In an interview with Radio-Canada, Suzanne Dessureault said important steps have been taken to better recognize and intervene in situations where family honour is at play since the 2009 murders.
English and French youth protection authorities were called in on two different occasions to address concerns about the girls, but there was no system in place that allowed the agencies to share information such as prior alerts involving the same family.
A Quebec-wide registry to share complaints among all youth protection agencies was in the works, but it was not operational until May 2009 — one month after the second complaint and just weeks before the murders.
Risk indicators
"There was a real need for collective action to better understand the issues, develop a common vision, and adjust our way of working, our practices and our interventions," Dessureault said.
You really have to be careful... It's a new issue for us and we have to take care to really understand what's going on.- Suzanne Dessureault, co-ordinator of the Direction de la protection de la jeunesse
Following the murders, educators, police, youth home staff and researchers were brought together to develop a collective action plan for determining cases connected to family honour.
A framework for identifying and evaluating indicators of such cases was developed based on earlier efforts in the United Kingdom and other countries, which Dessureault said are "more advanced" on the issue.
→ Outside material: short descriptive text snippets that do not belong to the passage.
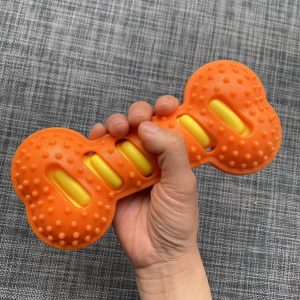 TPR Squeaky Bone Chew Toy for Dogs product image 2 - CZG Pet Store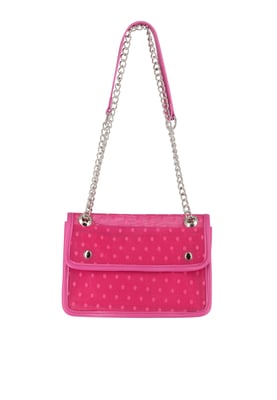 Mymo schoudertas Dames roze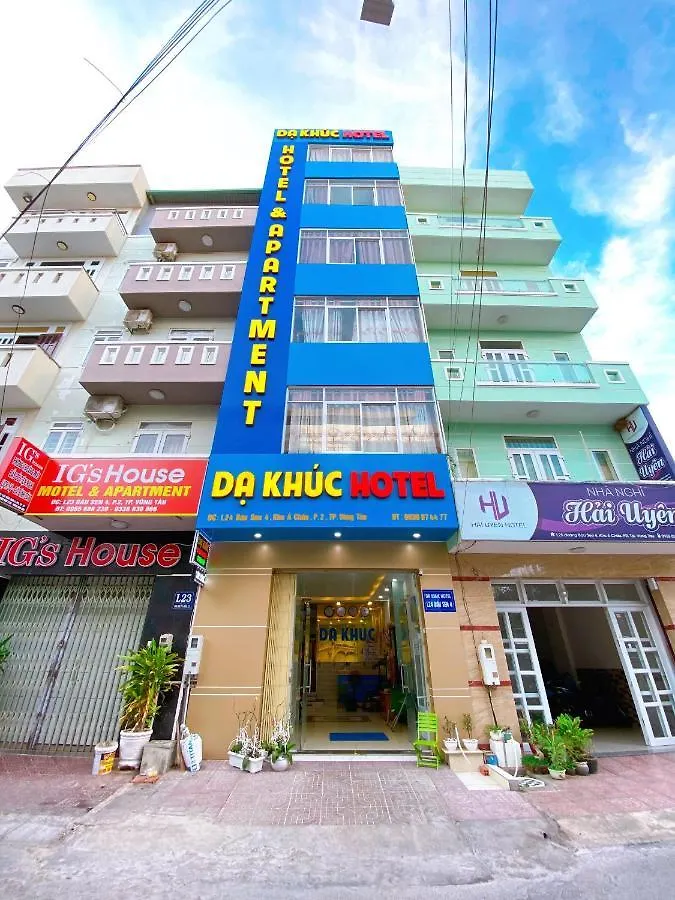 Da Khuc Hotel Vung Tau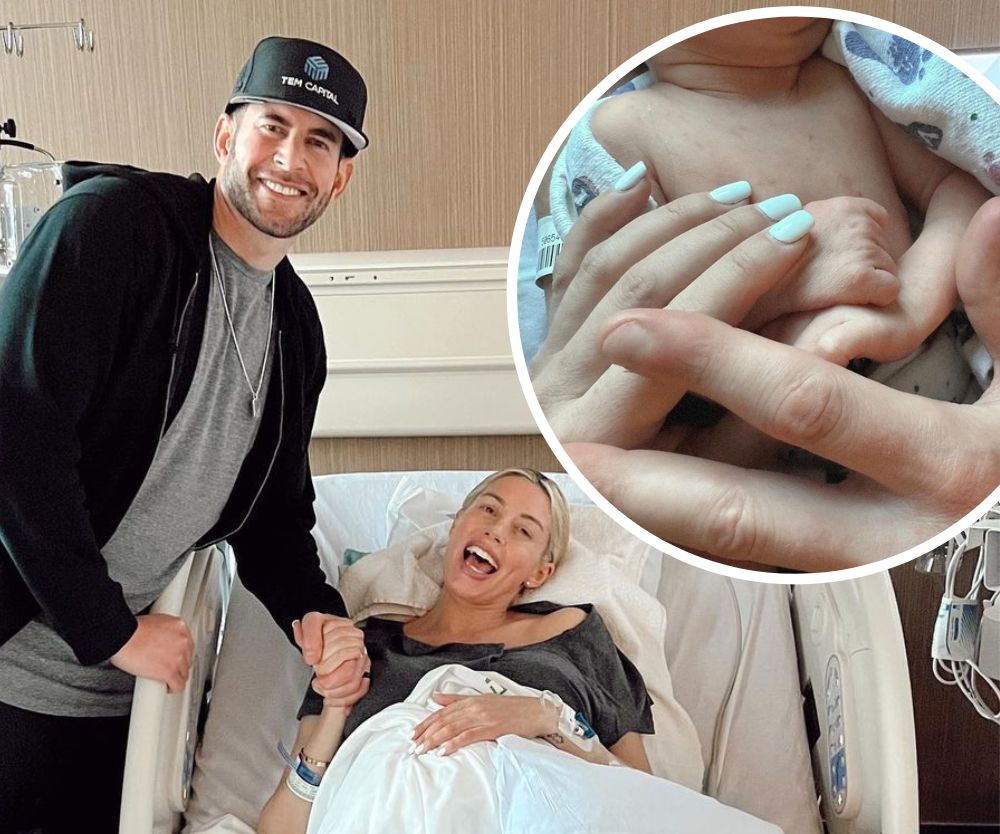 Heather Rae Young and Tarek El Moussa are parents!
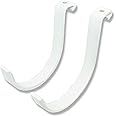 SafeRacks Rail Hooks (2) – White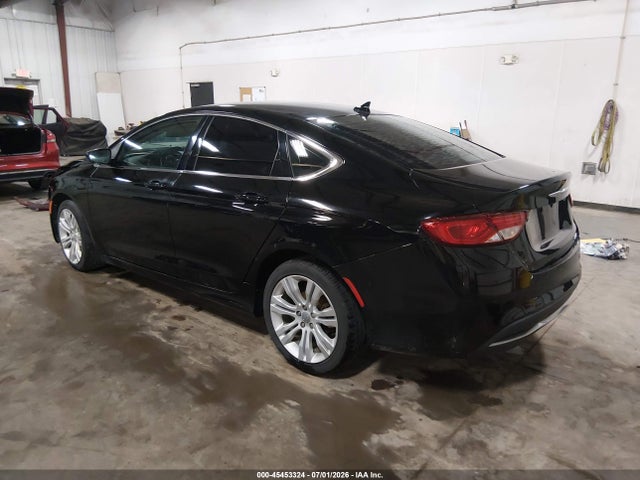 Продаж на аукціоні авто 2016 Chrysler 200 Limited, vin: 1C3CCCAB7GN116769, номер лоту: 45453324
Those indicators are now being used by front line youth protection workers around the city as well as teachers, who Dessureault said are often the first to see the signs.
She gave the example of an adolescent girl who confides that her brother follows her to school every day and she's worried, or who receives threats that she'll be sent back to her country and forced to marry someone if it's discovered she has a boyfriend.
"By knowing how to distinguish, to understand the indicators and the risks, we can better intervene to help and protect adolescents who need protecting," she said.
"From the moment we receive word of a situation, we can match it to the risk indicators and an investigation can be undertaken," she said.
"We have to be vigilant in these situations."
A balanced vigilance
That vigilance has to be balanced with a keen awareness to avoid jumping to conclusions based on a family's ethnicity, she said.
"We have to be careful not to stigmatize, not to fall into the trap of automatically assuming that because they're from a different country and there's conflict with the daughter and her parents, that it's a case where honour is at play," she said.
"You really have to be careful... It's a new issue for us and we have to take care to really understand what's going on."
Of the 4,000 cases investigated by Montreal's youth protection services last year, Dessureault said about 30 involved possible indications that family honour was involved.